*Work instruction:* Restate the data below word for word, omitting pictures.

*Data block:*
'''

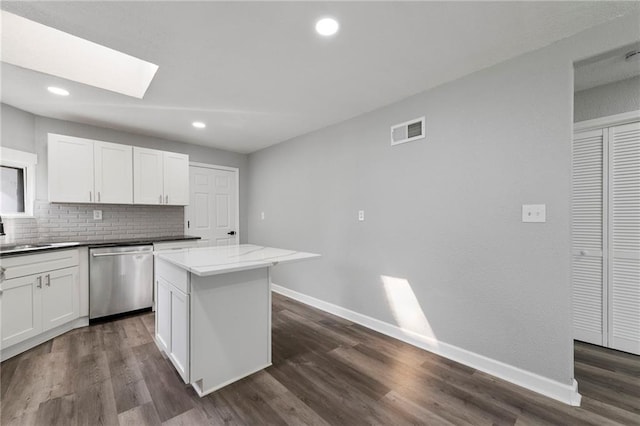 2101 Spruce St, Leavenworth, KS 66048 - kitchen with dishwasher, decorative backsplash, a skylight, dark wood finished floors, and a center island
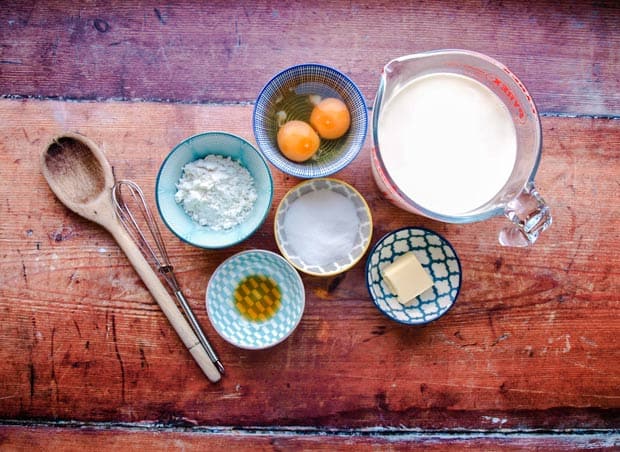 jug with milk, bowls with eggs, flour, sugar, butter and vanilla extract wooden spoon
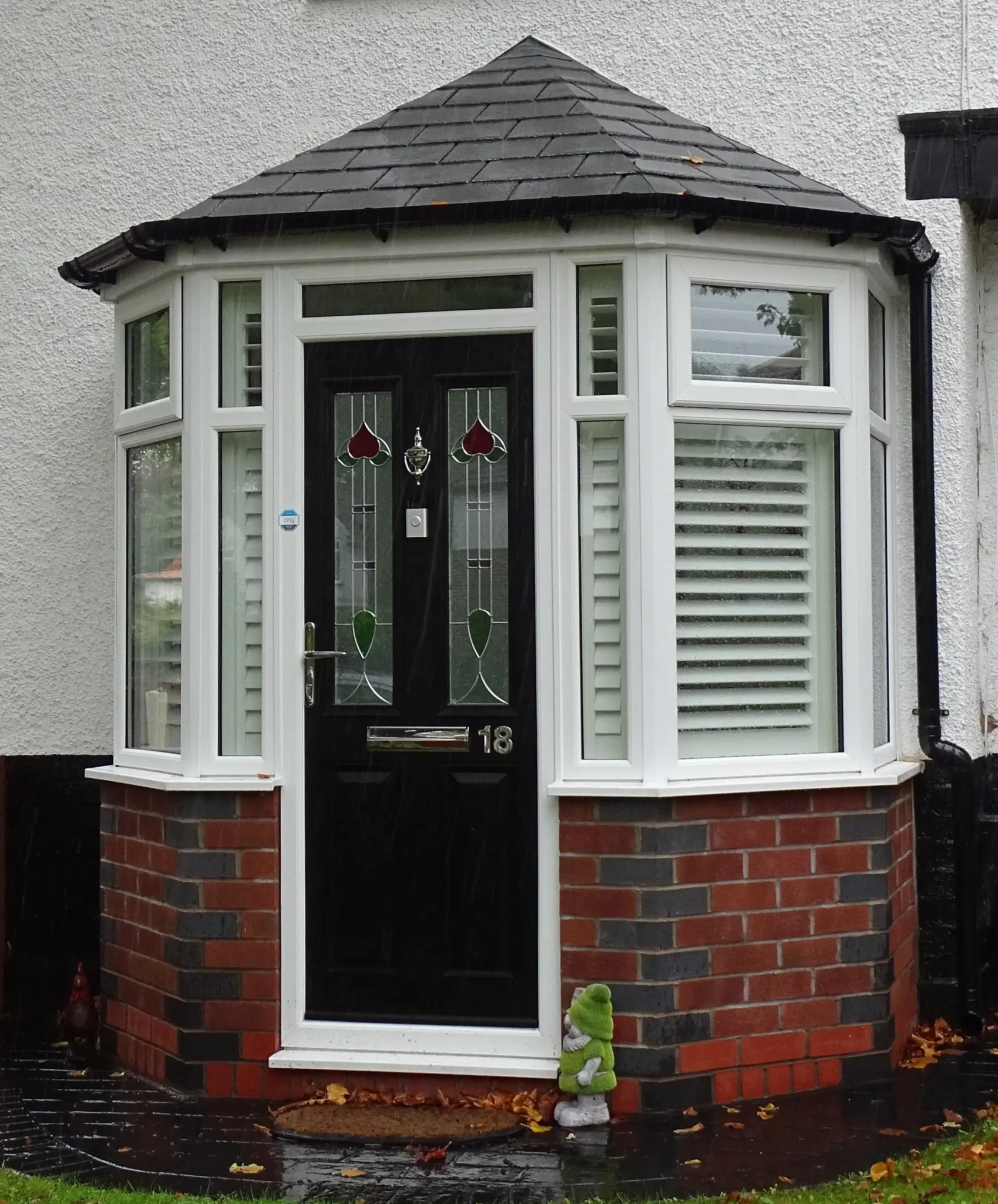 Bay-front door with black frame, stained glass panels, and house number 18. Red brick base, white walls, and a small frog statue near the entrance.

'''

*Answer area:*
 2101 Spruce St, Leavenworth, KS 66048 - kitchen with dishwasher, decorative backsplash, a skylight, dark wood finished floors, and a center island
 jug with milk, bowls with eggs, flour, sugar, butter and vanilla extract wooden spoon
 Bay-front door with black frame, stained glass panels, and house number 18. Red brick base, white walls, and a small frog statue near the entrance.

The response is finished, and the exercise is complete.